## SUPPLIED INFORMATION
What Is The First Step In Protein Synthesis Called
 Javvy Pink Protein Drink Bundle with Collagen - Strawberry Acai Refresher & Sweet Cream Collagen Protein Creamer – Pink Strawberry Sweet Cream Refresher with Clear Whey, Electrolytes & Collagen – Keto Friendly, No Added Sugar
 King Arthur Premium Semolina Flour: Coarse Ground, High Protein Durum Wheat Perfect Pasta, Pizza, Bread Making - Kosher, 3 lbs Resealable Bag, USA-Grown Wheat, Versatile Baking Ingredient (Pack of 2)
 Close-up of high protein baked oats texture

## REQUIRED WORK
The full listing has to be duplicated exactly.

## SOLUTION BELOW
What Is The First Step In Protein Synthesis Called
 Javvy Pink Protein Drink Bundle with Collagen - Strawberry Acai Refresher & Sweet Cream Collagen Protein Creamer – Pink Strawberry Sweet Cream Refresher with Clear Whey, Electrolytes & Collagen – Keto Friendly, No Added Sugar
 King Arthur Premium Semolina Flour: Coarse Ground, High Protein Durum Wheat Perfect Pasta, Pizza, Bread Making - Kosher, 3 lbs Resealable Bag, USA-Grown Wheat, Versatile Baking Ingredient (Pack of 2)
 Close-up of high protein baked oats texture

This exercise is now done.